From my point of view, It is better to integrate or extend existing features, then create yet one moment of choice - which feature from two ((existing calls with named arguments in the function definition) and (unpack with the definition of names in additional case class)) I should choose for my method.

Katrix · October 12, 2023, 7:25am

Would allowing having multiple unpack parameters be okay if they were in different parameter blocks? We allow this with varargs, so I don’t see why not

odersky · October 12, 2023, 9:52am

Yes, that would be no problem.

bjornregnell · October 12, 2023, 1:15pm

Many thanks for creating that comprehensive table.

So in the second column we only have 3 dynamic languages currently using a symbolic notation for key-value unpacking.

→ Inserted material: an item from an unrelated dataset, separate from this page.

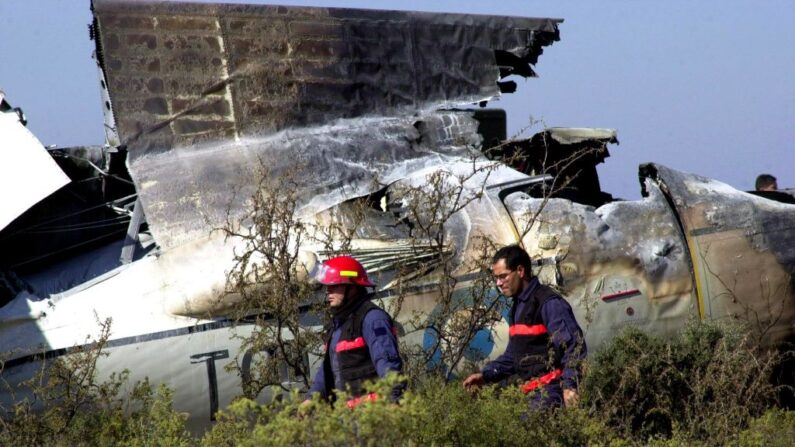 En una fotografía de archivo, dos efectivos de bomberos pasan frente a restos de un avión militar, el 17 de mayo de 2001, en el aeropuerto de la provincia de Mendoza, Argentina. (Walter Moreno/AFP vía Getty Images)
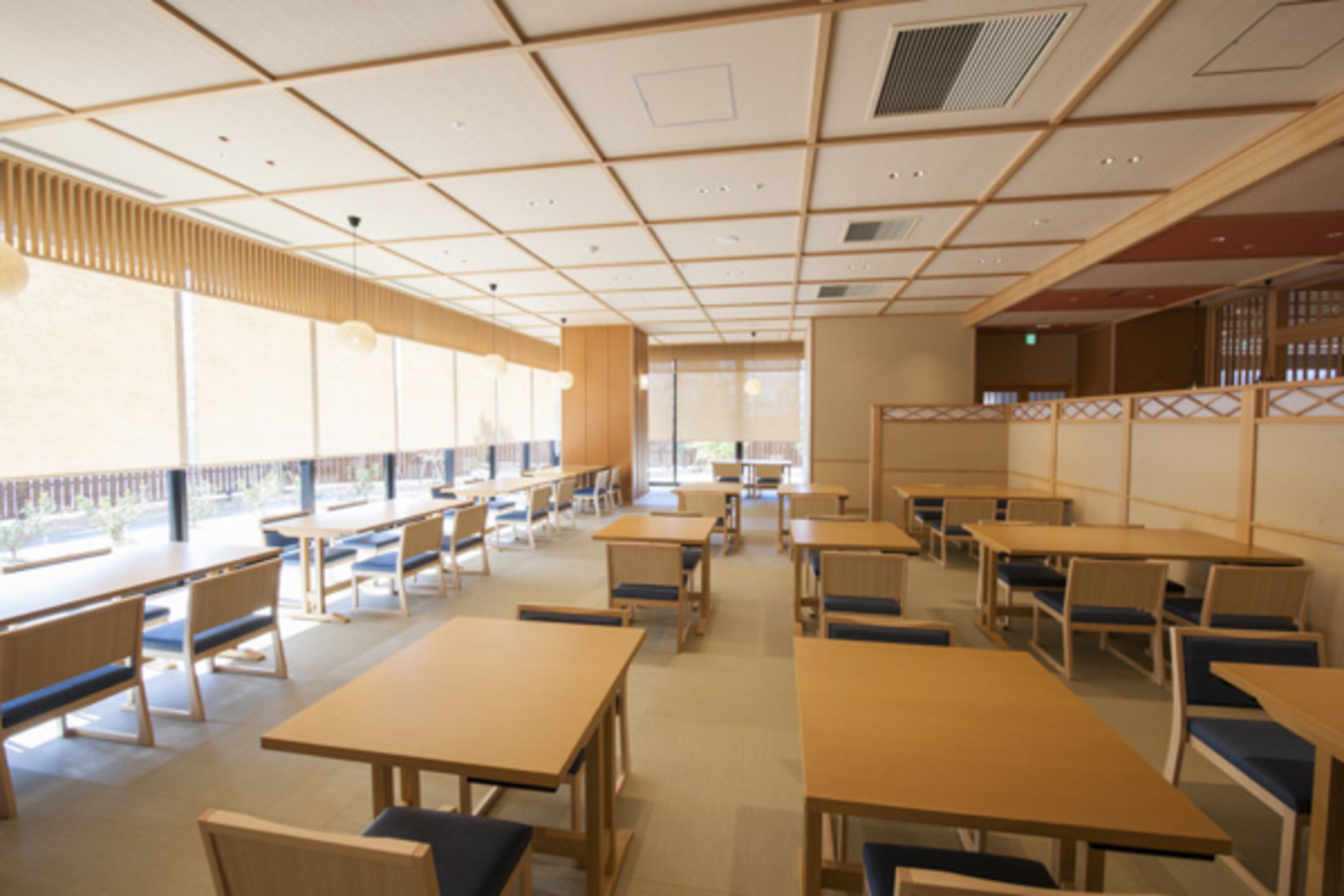 A spacious dining area with multiple tables and chairs, large windows providing natural light, and a traditional Japanese-style partition wall.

I don’t think that prevents us from using a Scala-ish idiom of our own if we can find a really good one.

For a learner of Scala the unpack feature will be yet another thing to learn and even if the learner does not use it, existing code might contain it so a reader of code need to be familiar with it, otherwise getting surprised. I think we should, if possible prioritize readability on the call site here, although readability in api implementation is also important.

As a reader of code already could know about adapting sequences to a vararg using config* I think that is best on the call site.

On the def site I like to have a keyword that communicate intent when reading it out loud. Saving letters typed by a symbolic thing on the def site is not as important as being readable even if you haven’t used this feature much yourself.

Hence I think this is better than ** or ***or .. or ...:

def request(body: Body, unpack config: Config) = ???

but I think we should consider/brainstorm all reasonable alternative keywords etc.

By the way: is this not somehow related to unapply? Perhaps we could use the match keyword, as the fields are matched to params? Or something else related to the deconstruction happening thanks to unapply?

Just brainstorming here. Need to think a bit more…

bjornregnell · October 12, 2023, 1:18pm

Also we could think more about if this feature can be generalized somehow? Are there other places where a similar kind of automatic unboxing is useful? Perhaps when going back and fourth from case classes to tuples?

bjornregnell · October 12, 2023, 1:34pm

I also have an itch that the keyword unpack is kinda used backwards… I mean: if this

request(body, size = 20)

is expanded to

request(body, Config(size = 20, label = ""))

then args are actually boxed into Config and not unboxed… So the intent at def-site is to allow for the call site to autobox args into this class by applying arguments to matching field names.

So perhaps it should be

def request(body: Body, pack config: Config) = ???

or similar…

some variants:

def request(body: Body, box config: Config) = ???

def request(body: Body, match config: Config) = ???

def request(body: Body, yield config: Config) = ???

def request(body: Body, apply config: Config) = ???

(I kinda like the last one as apply is normally invisible and so is config at call site.)

lrytz · October 12, 2023, 2:34pm

This looks like a generalization of current repeated parameters. I think we should aim for replacing and deprecating repeated parameters, otherwise we end up with two similar features with different syntax.

Are defaults allowed in methods with an unpack parameter? If defaults are used at call-site, how would you know where to insert Config( ... )? Scala 3 allows defaults in methods with a repeated parameter, and it takes it pretty far:

scala> def f(x: Int = 1, y: String*) = s"$x-" + y.mkString("-")
def f(x: Int, y: String*): String

scala> f(y = "a", x = 44, "b")
val res12: String = 44-a-b

Overloading resolution (and picking the most specific overload) will be affected, which is always non-trivial to spec and implement.

Tooling will be affected, IDEs have to learn to present unpack parameters nicely at call-site.